The SDK must present a coherent surface across four languages with different idioms. The design principles are:

- **C ABI as the foundation:** The canonical system call interface is a C ABI. All other language SDKs are generated or hand-written wrappers over the C ABI. This ensures ABI stability and FFI compatibility with every language.
- **Rust SDK:** Idiomatic, zero-cost wrappers. Use Rust's ownership system to enforce resource lifetimes at compile time (e.g., a `GpuBuffer<T>` type that is `Send` but not `Sync`, reflecting GPU buffer ownership semantics). The Rust SDK should use `#[repr(C)]` structs for ABI compatibility.
- **Go SDK:** Ergonomic wrappers using `cgo` for the C ABI. Expose distributed operations as channel-returning functions. Context-aware: all calls accept `context.Context` for cancellation and timeout propagation.
- **Python SDK:** High-level, NumPy-compatible. Consider auto-generating stub code from a schema. Must be `asyncio`-compatible. Integrate with the Python type system via `Protocol` and `TypedDict`.

Key references:
- Klabnik, S. and Nichols, C. *The Rust Programming Language*. https://doc.rust-lang.org/book/. Idiomatic Rust patterns.
- Go Authors. *Effective Go*. https://go.dev/doc/effective_go. Idiomatic Go patterns.
- Google. *Google Cloud API Design Guide*. https://cloud.google.com/apis/design. The most comprehensive public API design guide, covering resource-oriented design, standard methods, naming conventions, and backwards compatibility.
- Smith, P. *Designing for Compatibility in Evolving APIs*. IEEE Software 39(4), 2022.

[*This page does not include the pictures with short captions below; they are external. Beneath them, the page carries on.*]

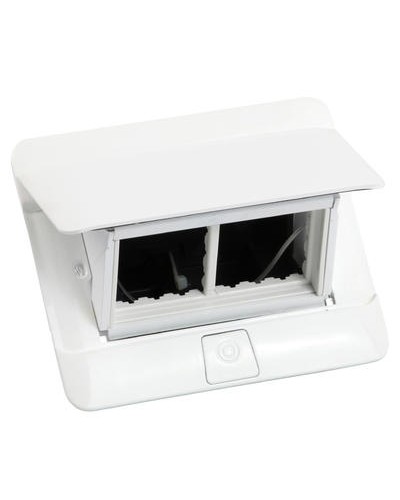Блок розеточный выдвижной Legrand 654001 в Чите Блоки розеток Pintop.ru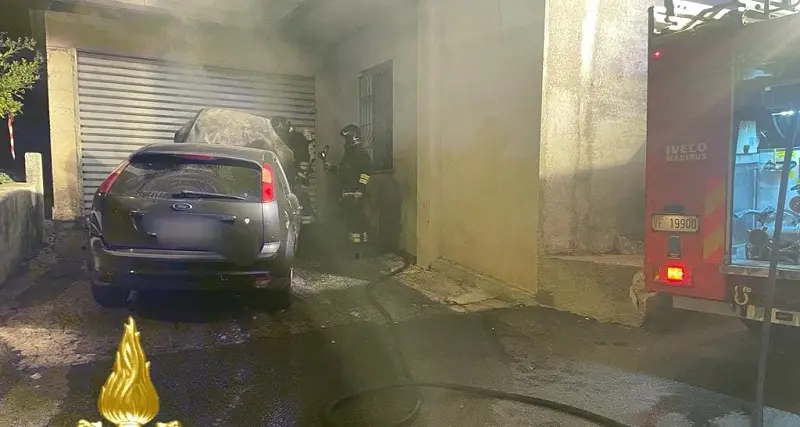Auto in fiamme a Bono, nessun ferito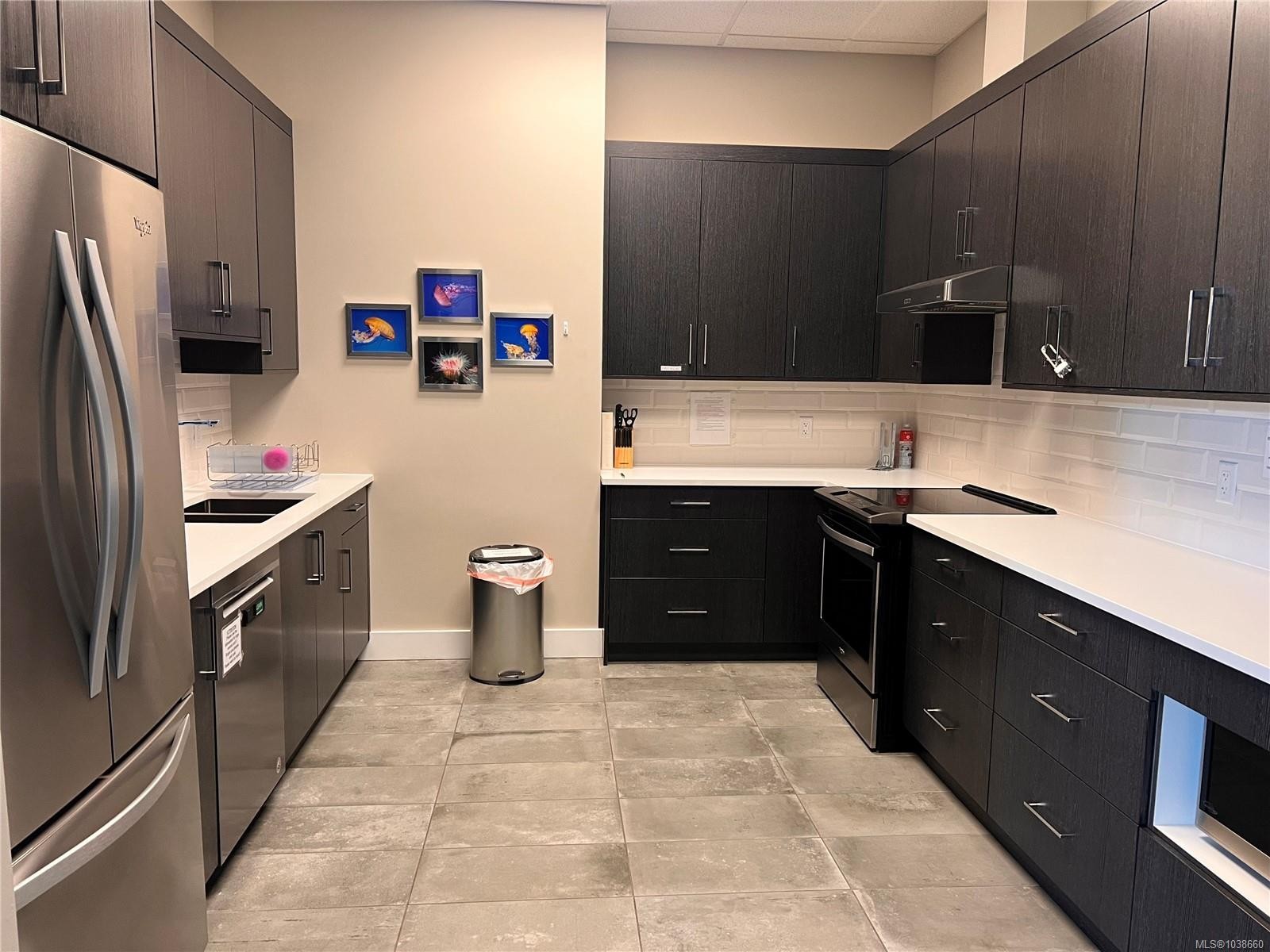 #105-745 Travino Lane, Saanich, BC - Indoor Photo Showing Kitchen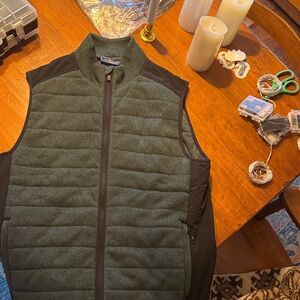 Vineyard Vines Dark Green Puffer Vest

### 2.7 CLI Tooling Design

The cluster management CLI (`distos-ctl` or equivalent) must follow modern CLI design principles:

- Machine-readable output (JSON/YAML with `--output json`) for scripting
- Structured logging with log levels
- Human-readable default output with colour and progress indicators
- Completion generation for bash/zsh/fish
- Subcommand structure: `node`, `job`, `gpu`, `net`, `storage`, `secret`, `log`

Key references:
- Sigurdsson, A. et al. *Command Line Interface Guidelines*. https://clig.dev/. The community-written standard for modern CLI design. Should be treated as the style guide for `distos-ctl`.
- Hashicorp. *Vault CLI design*. The Vault CLI is an exemplar of a well-structured cluster management tool with consistent subcommand and flag conventions.
- Kubernetes. `kubectl` source and documentation. The de facto standard for distributed cluster management CLIs. The DistOS CLI should match `kubectl` conventions where applicable to reduce cognitive load.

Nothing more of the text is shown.